Le droit de l’homme à la science est garanti depuis plus d’un demi-siècle par le droit international, et tient une place importante dans la structure normative et donc juridique de la science. Il demeure toutefois encore méconnu des praticiens et des universitaires. Suite aux diverses recommandations émises récemment en la matière par les organisations internationales, le droit à la science est en voie d’être redécouvert par les chercheurs. Afin de ne pas encourager ceux qui voient en ce droit un « passe-droit » pour toute pratique scientifique ou, au contraire, le remède à tous les maux de l’innovation scientifique, il est important que les juristes des droits de l’homme développent une recherche fondamentale sur les lacunes qui subsistent dans le cadre normatif du droit à la science. La Pre Samantha Besson, titulaire de la chaire Droit international des institutions, a reçu un financement de quatre ans du Fonds national suisse de la recherche scientifique (ou FNS) pour s’attaquer à la plus importante d’entre elles: celle qui concerne la dimension institutionnelle du droit de l’homme à la science. Le projet finance les recherches d’une doctorante à l’Université de Fribourg en Suisse et d’une post-doctorante affiliée à l’Université de Fribourg et au Collège de France.
[Le résumé original du projet de recherche est à retrouver sur le site du FNS]
En bref, le droit de l’homme à la science protège l’intérêt de tout chercheur, mais aussi de toute autre personne, de participer à l’entreprise scientifique (i), d’avoir accès aux bienfaits du progrès scientifique (ii), ainsi que d’être protégée contre les effets négatifs de la science (iii). Les débats publics suscités par les crises sanitaire et climatique récentes comme par le développement rapide des nouvelles technologies en révèlent toute la pertinence. Ils nous rappellent en effet l’importance de garantir l’égalité d’accès à la recherche et à l’innovation scientifiques dans chaque Etat, comme partout dans le monde, mais aussi d’anticiper ensemble les risques et bienfaits des nouvelles technologies pour l’humanité.

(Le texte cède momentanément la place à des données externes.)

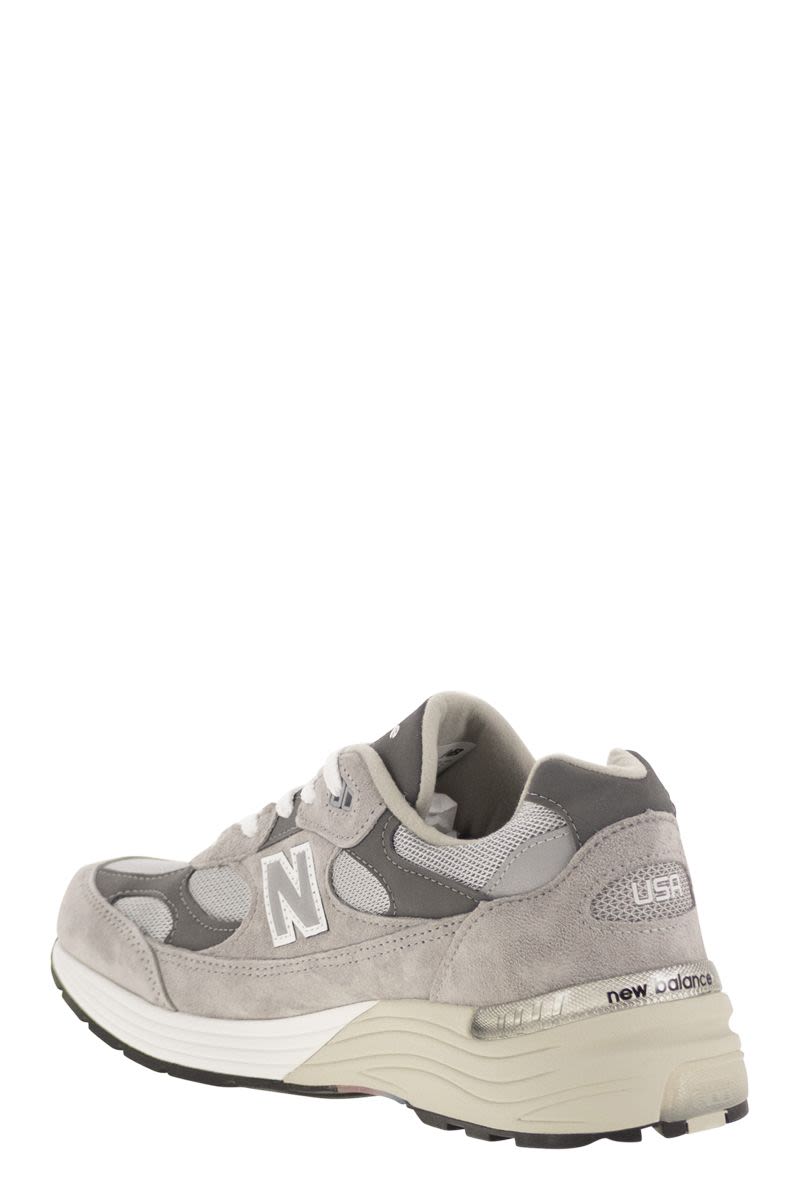 NEW BALANCE 992 Sneakers - Classic American Design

Le projet mené par la Pre Samantha Besson propose de s’attaquer à la plus importante des lacunes qui subsistent dans le cadre normatif du droit de l’homme à la science: celle qui concerne sa dimension institutionnelle. Il y a très peu de clarté, en effet, et cela a été confirmé lors de la récente pandémie, sur l’identité des institutions responsables du respect de ce droit, et donc des obligations qui en découlent, qu’il s’agisse d’institutions nationales, infranationales[relatives à un niveau inférieur à celui d’une nation, par exemple régional] ou internationales et publiques ou privées. Il est difficile en outre de déterminer comment coordonner ces différentes institutions à l’échelle universelle afin d’assurer une juste répartition de ces obligations et de ces responsabilités. Et pourtant, contrairement à ce qui vaut pour d’autres droits de l’homme, la coopération institutionnelle internationale est au cœur du respect du droit de l’homme à la science. La justification de leur dimension collective tient à la fois à la portée universelle du bien public qu’est la science et à celle des menaces qui pèsent sur ce bien. Les obligations et responsabilités qui en découlent ne sont donc pas seulement dues par chaque État ou organisation internationale aux personnes relevant de sa juridiction, mais doivent également être considérées comme des obligations et responsabilités collectives que ces institutions doivent assumer ensemble. La coopération internationale en la matière est une condition de faisabilité de la protection des intérêts protégés par le droit de l’homme à la science contre les menaces qui pèsent sur eux, tout autant que de la justice globale de la charge pesant sur chacun des États ou organisations internationales débiteurs des obligations et responsabilités correspondantes.
Le projet propose d’explorer les moyens d’institutionnaliser ces obligations et responsabilités de coopération internationale relatives au droit de l’homme à la science, y compris par la création de nouvelles institutions. Il vise également à combler trois lacunes institutionnelles plus spécifiques : premièrement, les implications institutionnelles nationales et internationales de la science citoyenne et du droit de chacun à une participation égale à la pratique et à l’organisation de la science ; deuxièmement, les dimensions institutionnelles nationales et internationales des obligations d’anticipation des bienfaits, mais aussi des (risques d’)effets négatifs de la science, y compris des devoirs de précaution et de prévention diligentes découlant du droit de l’homme à la science ; et, enfin, les dimensions institutionnelles de l’inclusion dans le champ d’application du droit de l’homme à la science de formes de savoirs dits non occidentaux, locaux ou autochtones.